Not surprisingly, Apple's MacBook turned in noticeably better results: In-station rates, depending on the station, were between 70 fps and 95 fps. In space, they were even higher, between 80 and 100 fps. And in combat, depending on the size of the attacking group, they dipped to a still-solid 45-60 fps.
Now, Eve is more CPU-intensive in general than GPU-intensive. Even with the new graphics offered by the Premium client, a lot of what goes on on-screen is hitting that 2.93-GHz chip -- and it really shows. (I didn't have a chance to get into any fleet battles, by the way.)
City of Heroes
Next, I fired up City of Heroes using the Issue 13 Client for Mac. On my MacBook Pro, I saw frame rates of 30 to 50 fps while on a street location and 35 to 55 fps while on a sewer mission, with frame-rate drops for long views and mob scenes.
The new MacBook Pro turned in frame rates on the streets of between 50 and 70 fps, with higher frames rates of 60 to 85 fps while on a sewer mission. I also saw quick frame-rate drops in long views and with mob scenes. I was hoping for better results with City of Heroes using the new laptop, but it was still very impressive. I think this is more an issue with the client itself, which may not be hitting the Nvidia graphics card as hard as it could.
World Of Warcraft
Finally, I turned to World Of Warcraft.
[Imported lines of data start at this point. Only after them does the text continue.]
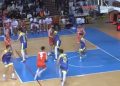 Basket, la Viola prosegue il suo cammino e può ancora sognare la promozione (video)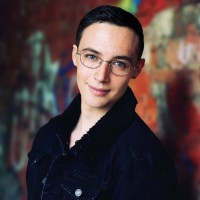 Go Flow Employee Harvey Thompson's profile photo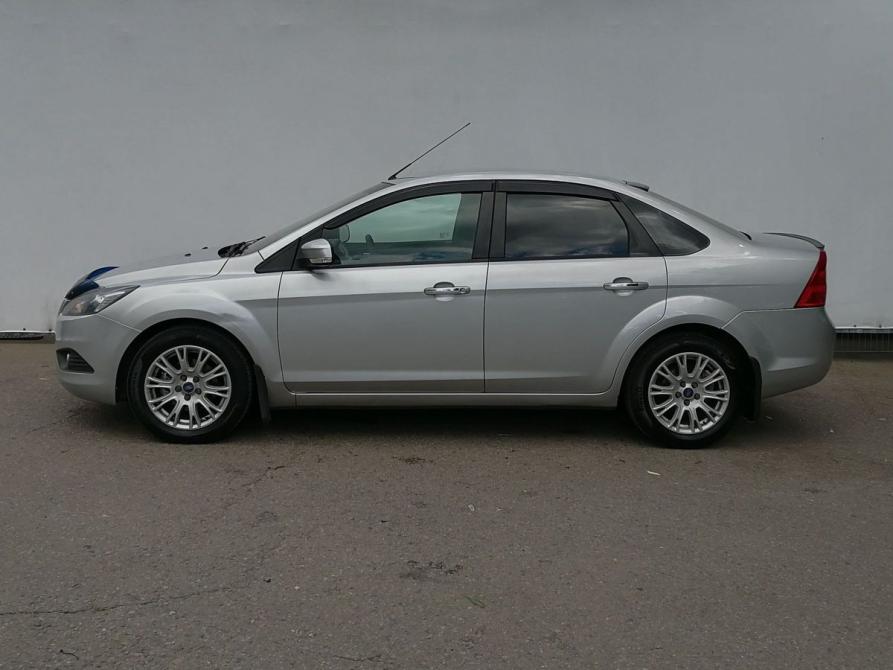 Ford Focus II Рестайлинг Москва  - изображение 8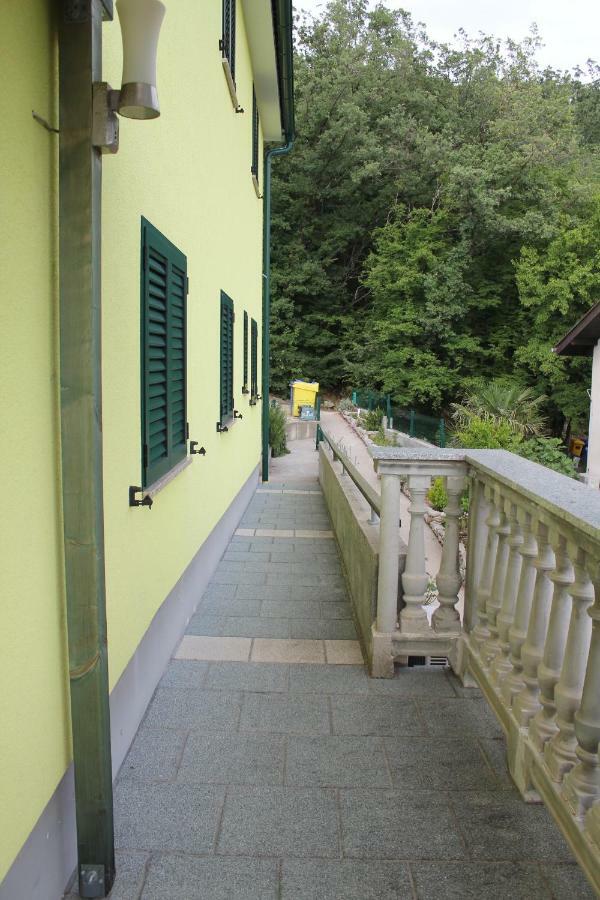 Primavera 2 Omišalj Exterior foto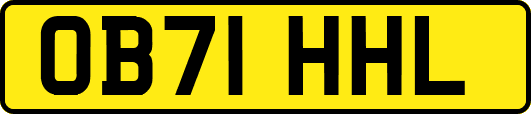 OB71HHL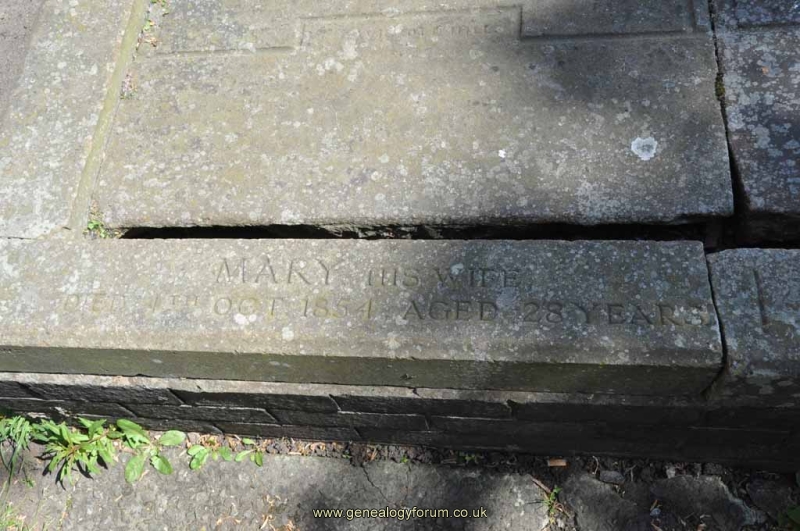 Hodgetts 2 - Mary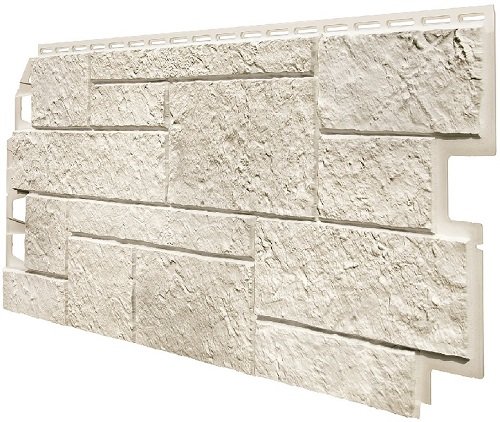 Фасадная панель VOX Sandstone (Сандстоун) бежевый купить в Ревде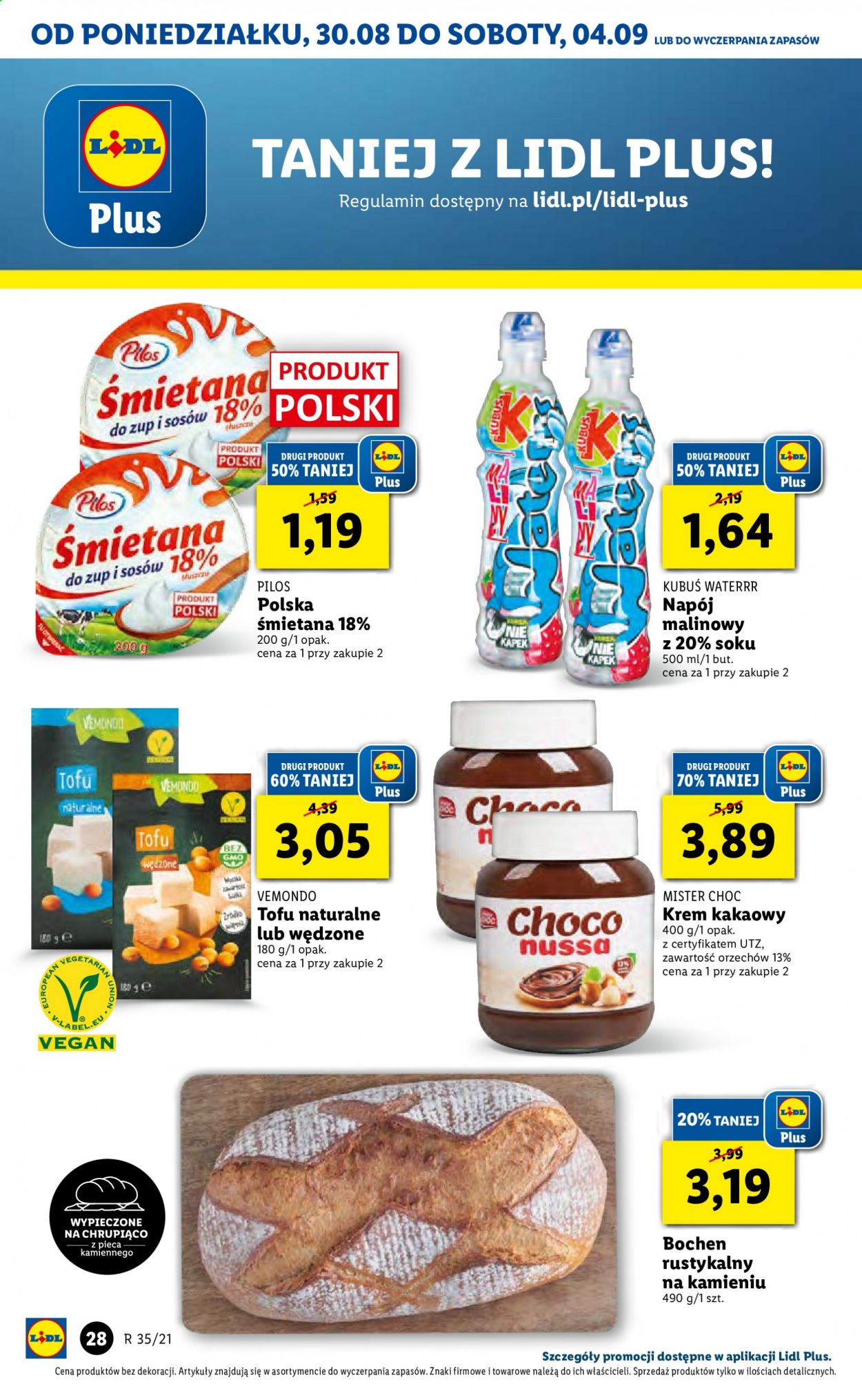 Gazetka Lidl - 30.08.2021 - 1.09.2021. Strona 28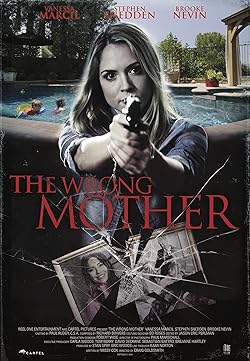 Poster of The Wrong Mother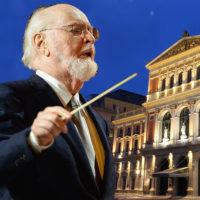 John Williams attendu à Vienne en janvier 2020 Le compositeur devrait monter sur le podium du Musikverein à quelques jours de son 88ème anniversaire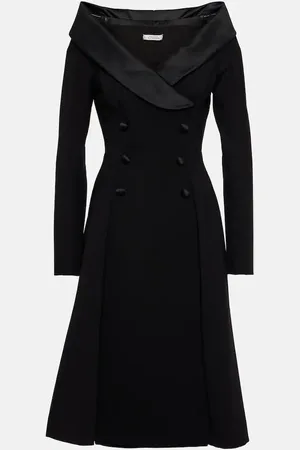 Dorothee Schumacher Midikleid Emotional Essence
This turned out to be the client that best showed off the new laptop's real firepower. On my MacBook Pro, I saw frame rates of 40 to 60 fps inside the city of IronForge and rates of 35 to 45 fps in the surrounding area. The game played smoothly and was stable, no doubt aided by the fact that it's a Mac-native client.
With the new laptop, I saw an astoundingly high 160 fps in IronForge, with rates sometimes topping out above 200 fps! And in the area outside IronForge, rates ranged between 80 and 105 fps.
This is a significant show of power. Since World of Warcraft is native, I could turn the client's settings up high and still get a decent frame rate even on my old Mac. The fact that the settings were turned up makes those frame rates above 160 fps on the new laptop even more impressive.
One note of caution: Gaming gets these machines really hot. Macs tend not to kick in the fans until the temperature really climbs, though the hardware can handle the heat. I have smcFanControl running on my system, and I really kick the fans up while I'm gaming. With headphones on, the fan noise doesn't bother me much.
A gamer's delight?
Whether this is the gaming Mac you've been waiting for depends on whether you're going to use it only for games. If that's all you're going to do, then the answer is no. You might as well snag a Windows machine. Just have the folks at IBuypower or Alienware build you a really kicking system. You'll have a wider selection of native games, and they will really scream along on the custom laptops you could build for the same price as Apple's new 17-in. MacBook Pro.
That being said, is it this the Mac gaming laptop that I've been waiting for? Why, yes -- yes it is. Or rather, it would be if I had extra money lying around. That's because I love my Macs and I use them for everything I do. A Mac to me is still the best hardware and software combo there is.
Basically, if you're a Mac user and can afford it, this is a good gaming laptop. And remember, sticking with 4GB of RAM shaves $1,000 off the price and shouldn't make a big difference in how it performs.
Tom Lupienis a senior technology support specialist at IDG, the parent company of Computerworld , and has been a Mac gamer for almost a quarter of a century.